-- Dataset extract follows --

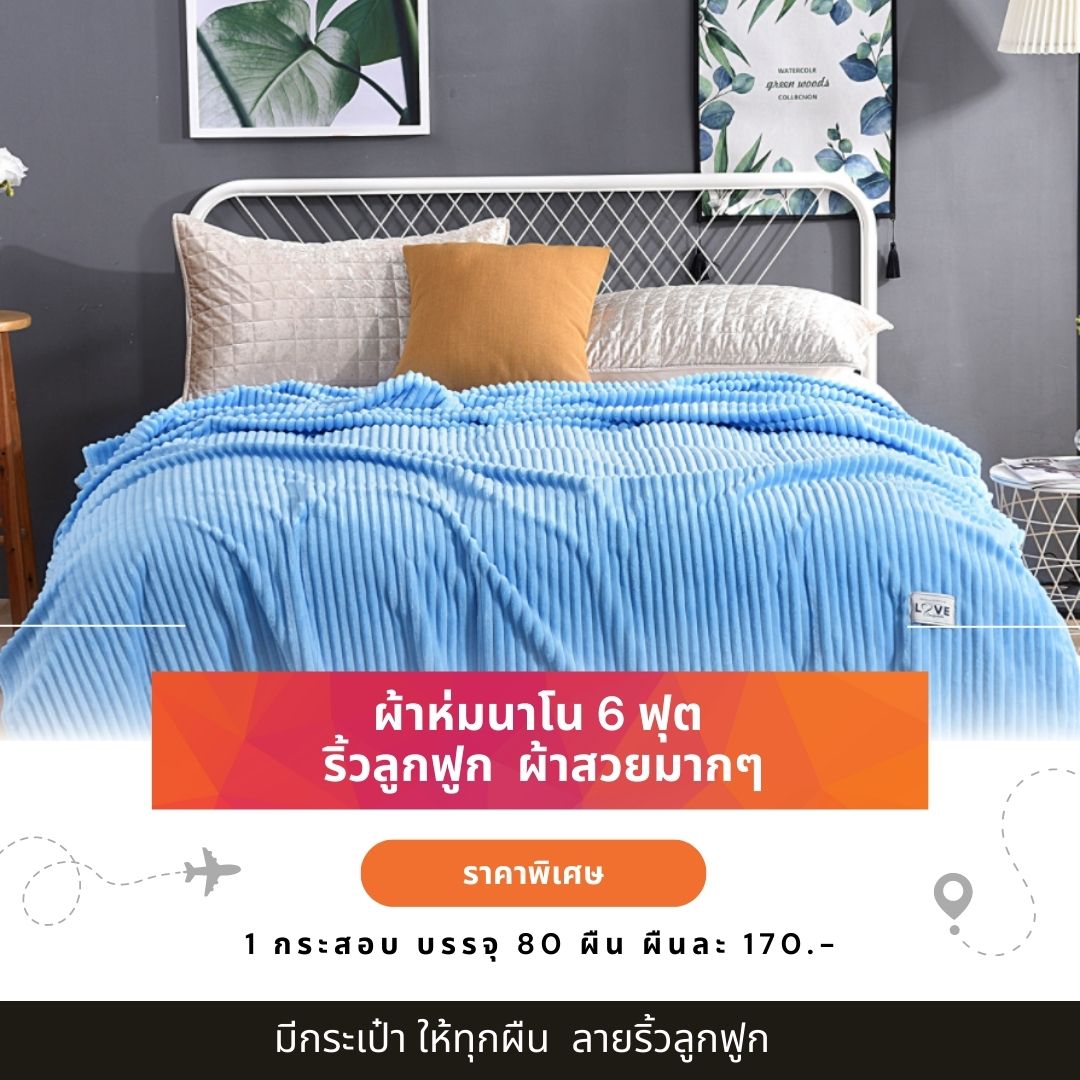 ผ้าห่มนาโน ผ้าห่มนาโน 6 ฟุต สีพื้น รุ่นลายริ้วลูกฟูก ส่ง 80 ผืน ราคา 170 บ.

-- Dataset extract concluded --
-- Dataset extract follows --

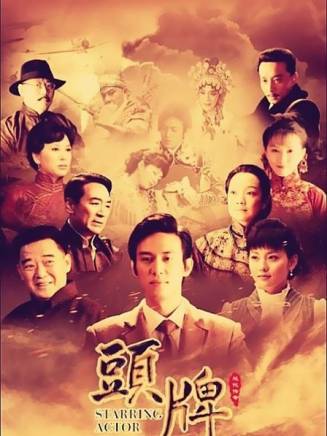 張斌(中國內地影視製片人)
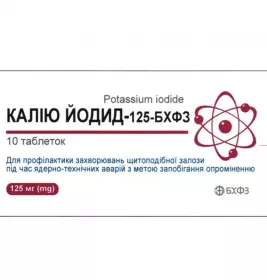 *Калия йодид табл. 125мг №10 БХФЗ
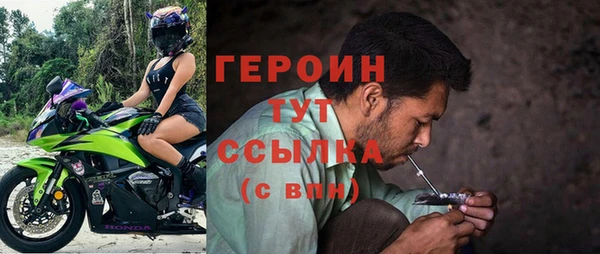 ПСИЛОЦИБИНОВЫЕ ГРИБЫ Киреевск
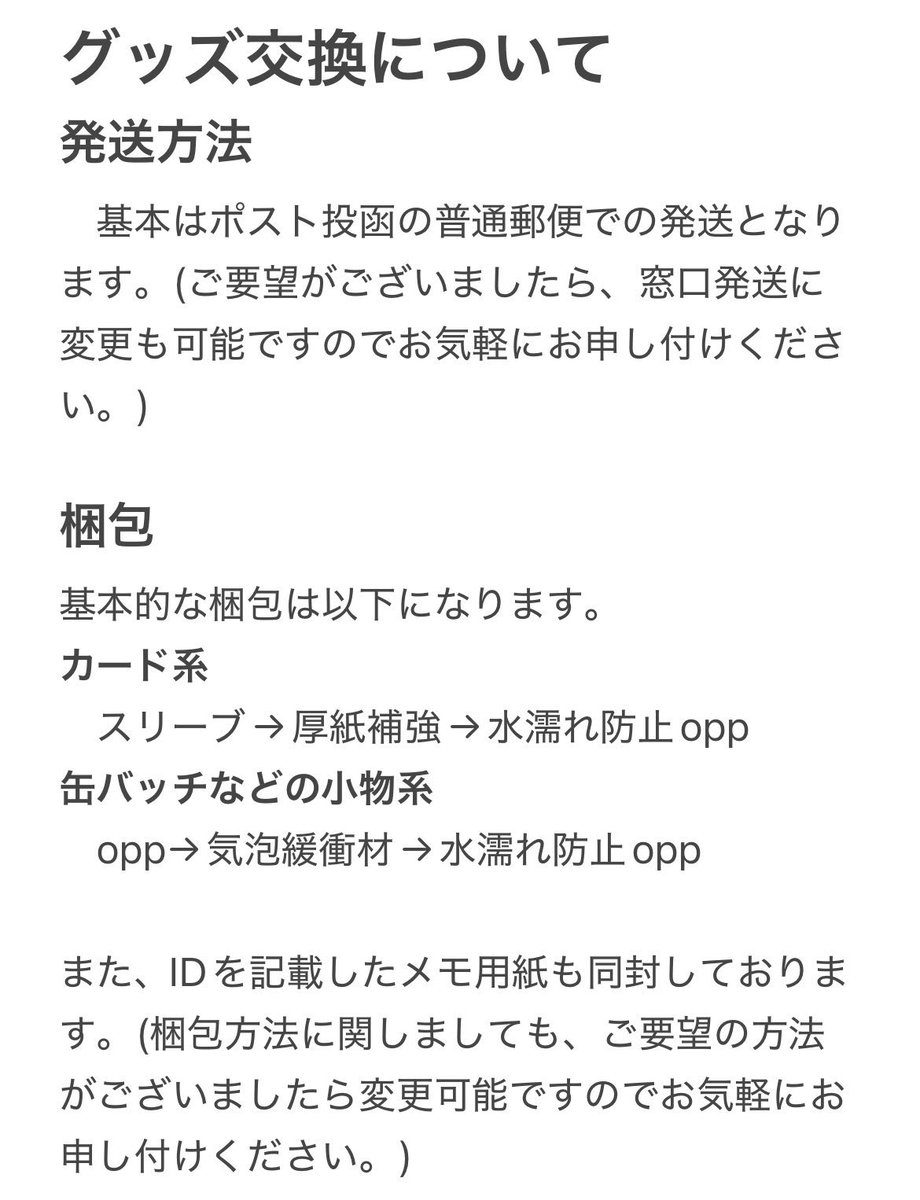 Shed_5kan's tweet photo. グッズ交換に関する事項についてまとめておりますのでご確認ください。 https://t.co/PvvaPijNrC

-- Dataset extract concluded --
-- Dataset extract follows --

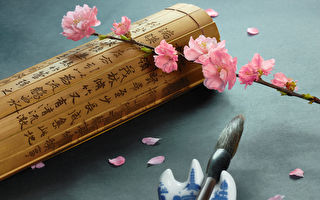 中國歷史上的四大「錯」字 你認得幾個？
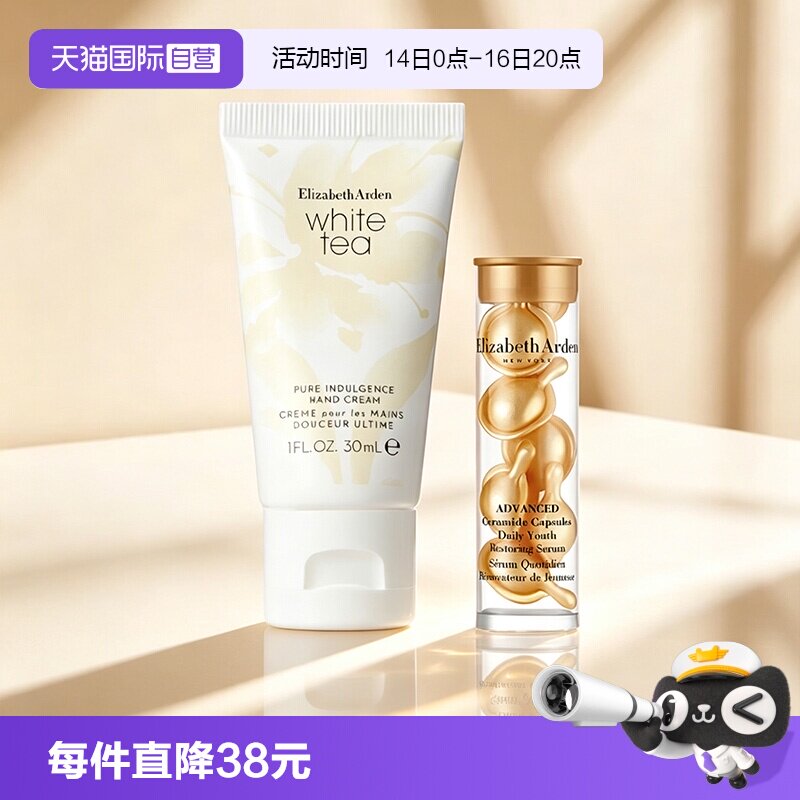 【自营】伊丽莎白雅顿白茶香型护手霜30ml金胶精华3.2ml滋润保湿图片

-- Dataset extract concluded --

▶ [Exercise]: Everything from the line above that contains "125мг №10 БХФЗ" down to the line that contains "Shed_5kan's tweet photo." must be reproduced exactly, both ends included. Omit the pictures.

▶ [Completed exercise]:
 *Калия йодид табл. 125мг №10 БХФЗ
 ПСИЛОЦИБИНОВЫЕ ГРИБЫ Киреевск
 Shed_5kan's tweet photo. グッズ交換に関する事項についてまとめておりますのでご確認ください。 https://t.co/PvvaPijNrC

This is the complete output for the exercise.